WORK INSTRUCTION
Omit all pictures, then retype the data exactly as given.

DATA EXCERPT

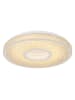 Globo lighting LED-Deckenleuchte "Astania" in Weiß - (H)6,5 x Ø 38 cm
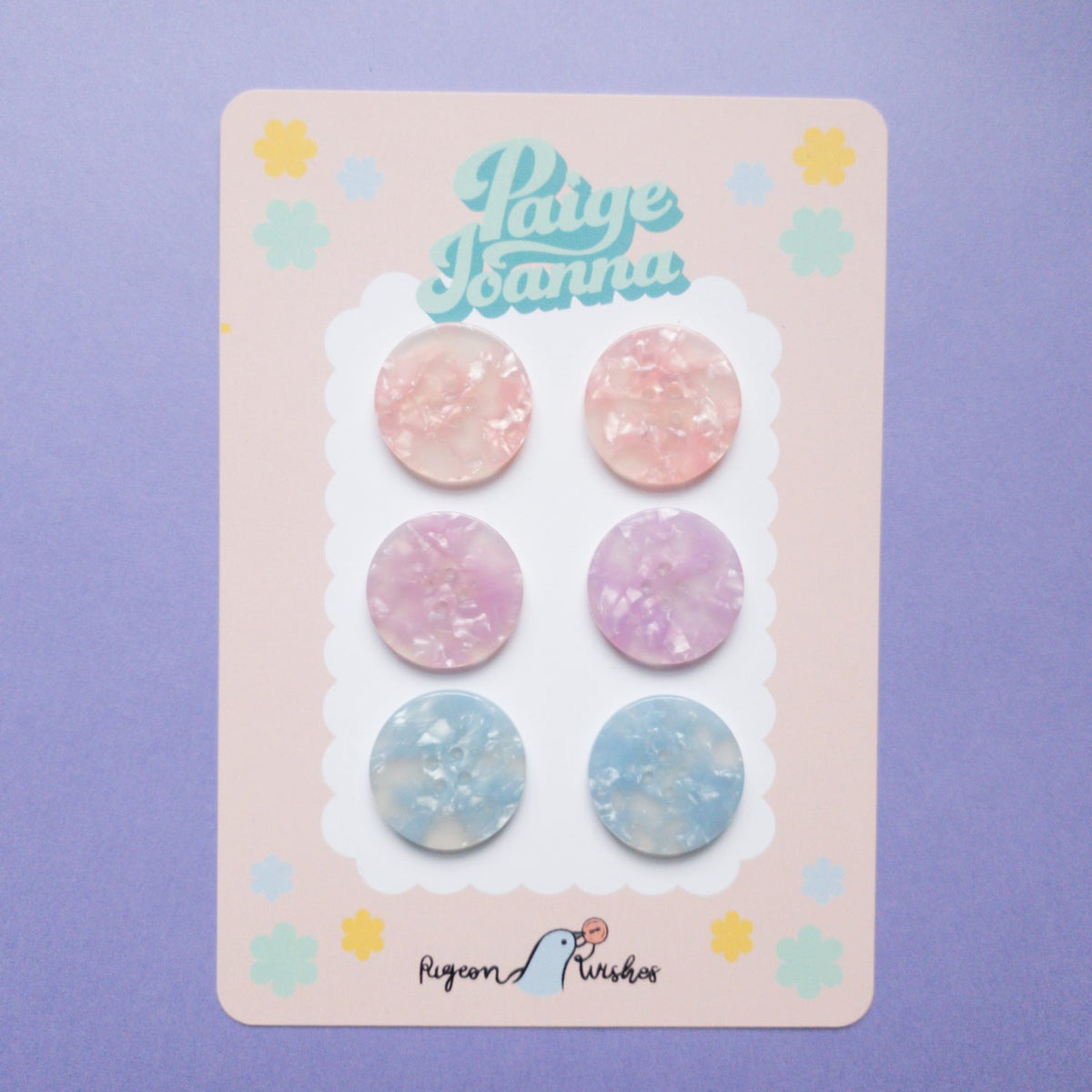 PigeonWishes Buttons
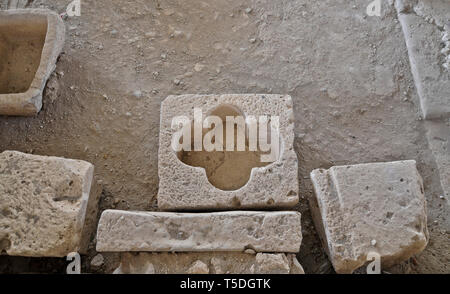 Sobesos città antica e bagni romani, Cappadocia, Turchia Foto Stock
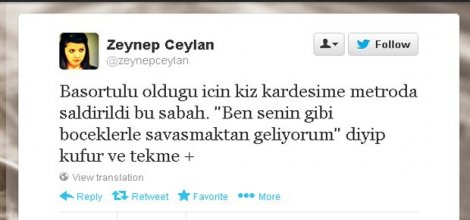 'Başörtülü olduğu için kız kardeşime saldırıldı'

TASK SOLUTION
 Globo lighting LED-Deckenleuchte "Astania" in Weiß - (H)6,5 x Ø 38 cm
 PigeonWishes Buttons
 Sobesos città antica e bagni romani, Cappadocia, Turchia Foto Stock
 'Başörtülü olduğu için kız kardeşime saldırıldı'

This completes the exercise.